Marco Martins encena "As Criadas", de Genet: um espetáculo íntimo e visceral que estreia hoje na Sala Estúdio do Teatro D. Maria II.

Uma arena. Um ringue de box. Um tribunal. Um poço. Um palco que é um quadrado negro, praticamente vazio. Três atrizes no meio, sem conseguir escapar, numa luta pela sobrevivência. Em cima, as luzes brancas que iluminam tudo. Os espetadores em volta, olhos nos olhos. E as palavras de Genet.

"Queríamos que fosse um espaço de intimidade. Este espaço faz com que seja um espetáculo muito mais visceral", explica o encenador Marco Martins. Uma arena. Um ringue de box. Ou a cela de uma prisão, também. "Um espaço como uma tela em branco, onde tudo é produzido e fabricado pelas atrizes." Com giz branco elas desenham no chão o cenário - a cama, a cómoda, o roupeiro, o despertador da cozinha trazido para o quarto da senhora, as flores por todo o lado. "Como dois presos a recriarem o crime já realizado." E depois apagam tudo e voltam a desenhar.

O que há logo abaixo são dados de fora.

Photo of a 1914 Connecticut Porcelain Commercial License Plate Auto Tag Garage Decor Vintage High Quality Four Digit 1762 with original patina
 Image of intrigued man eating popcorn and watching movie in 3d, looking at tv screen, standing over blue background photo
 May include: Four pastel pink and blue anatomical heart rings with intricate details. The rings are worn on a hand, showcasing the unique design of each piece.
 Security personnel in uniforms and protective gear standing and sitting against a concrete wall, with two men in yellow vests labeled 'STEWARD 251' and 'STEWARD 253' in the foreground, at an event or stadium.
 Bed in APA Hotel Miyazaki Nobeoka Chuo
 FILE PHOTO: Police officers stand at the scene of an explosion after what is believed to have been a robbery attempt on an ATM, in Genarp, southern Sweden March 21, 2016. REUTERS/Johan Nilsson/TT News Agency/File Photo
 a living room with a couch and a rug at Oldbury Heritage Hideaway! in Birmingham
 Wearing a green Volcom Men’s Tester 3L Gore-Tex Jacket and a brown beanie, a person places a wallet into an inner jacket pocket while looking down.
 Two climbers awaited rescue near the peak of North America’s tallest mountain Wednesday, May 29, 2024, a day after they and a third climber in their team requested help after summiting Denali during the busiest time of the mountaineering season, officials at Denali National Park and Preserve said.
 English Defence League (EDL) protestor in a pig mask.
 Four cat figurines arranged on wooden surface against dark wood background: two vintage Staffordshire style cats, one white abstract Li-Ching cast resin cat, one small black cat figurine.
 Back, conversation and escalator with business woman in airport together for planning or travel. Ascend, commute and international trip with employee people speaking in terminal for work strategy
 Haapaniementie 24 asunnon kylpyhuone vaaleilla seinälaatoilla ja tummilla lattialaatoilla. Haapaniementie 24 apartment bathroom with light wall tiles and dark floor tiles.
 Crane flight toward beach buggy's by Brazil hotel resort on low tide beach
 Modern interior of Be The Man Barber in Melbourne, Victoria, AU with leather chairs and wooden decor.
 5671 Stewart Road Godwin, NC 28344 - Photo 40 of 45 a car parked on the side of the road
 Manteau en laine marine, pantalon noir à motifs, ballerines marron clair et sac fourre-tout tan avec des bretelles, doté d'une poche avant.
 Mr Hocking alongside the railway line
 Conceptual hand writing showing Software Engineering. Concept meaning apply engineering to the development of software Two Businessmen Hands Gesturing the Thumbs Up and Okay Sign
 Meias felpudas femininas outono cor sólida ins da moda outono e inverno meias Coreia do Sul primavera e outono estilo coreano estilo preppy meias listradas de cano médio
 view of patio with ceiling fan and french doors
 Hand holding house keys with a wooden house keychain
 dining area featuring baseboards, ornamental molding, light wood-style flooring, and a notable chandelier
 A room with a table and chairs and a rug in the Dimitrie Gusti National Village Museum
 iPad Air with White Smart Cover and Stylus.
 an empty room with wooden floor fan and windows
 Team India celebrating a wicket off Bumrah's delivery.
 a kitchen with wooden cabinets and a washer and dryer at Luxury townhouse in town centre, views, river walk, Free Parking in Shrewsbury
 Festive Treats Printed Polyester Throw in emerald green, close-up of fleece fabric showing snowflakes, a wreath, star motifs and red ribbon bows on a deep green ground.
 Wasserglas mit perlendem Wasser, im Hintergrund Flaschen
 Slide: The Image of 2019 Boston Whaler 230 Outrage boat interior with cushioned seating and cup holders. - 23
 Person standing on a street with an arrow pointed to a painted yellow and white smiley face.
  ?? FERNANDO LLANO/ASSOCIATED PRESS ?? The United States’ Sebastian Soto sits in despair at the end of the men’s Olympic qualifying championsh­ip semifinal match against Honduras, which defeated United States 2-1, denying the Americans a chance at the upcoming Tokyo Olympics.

Beatriz Batarda, Sara Carinhas e Luísa Cruz são as três atrizes que interpretam As Criadas, a partir do texto que Genet escreveu na prisão em 1947, inspirado na histórias das irmãs Papin, como recorda Marco Martins, "que mataram a sua patroa e a filha, esvaziando os olhos e esquartejando os corpos, e foi talvez o primeiro caso de serial killer em França, muito seguido pelos media da altura e que influenciou uma série de intelectuais na altura." Também aqui há duas irmãs criadas - Clara e Solange - e o desejo de matar a patroa.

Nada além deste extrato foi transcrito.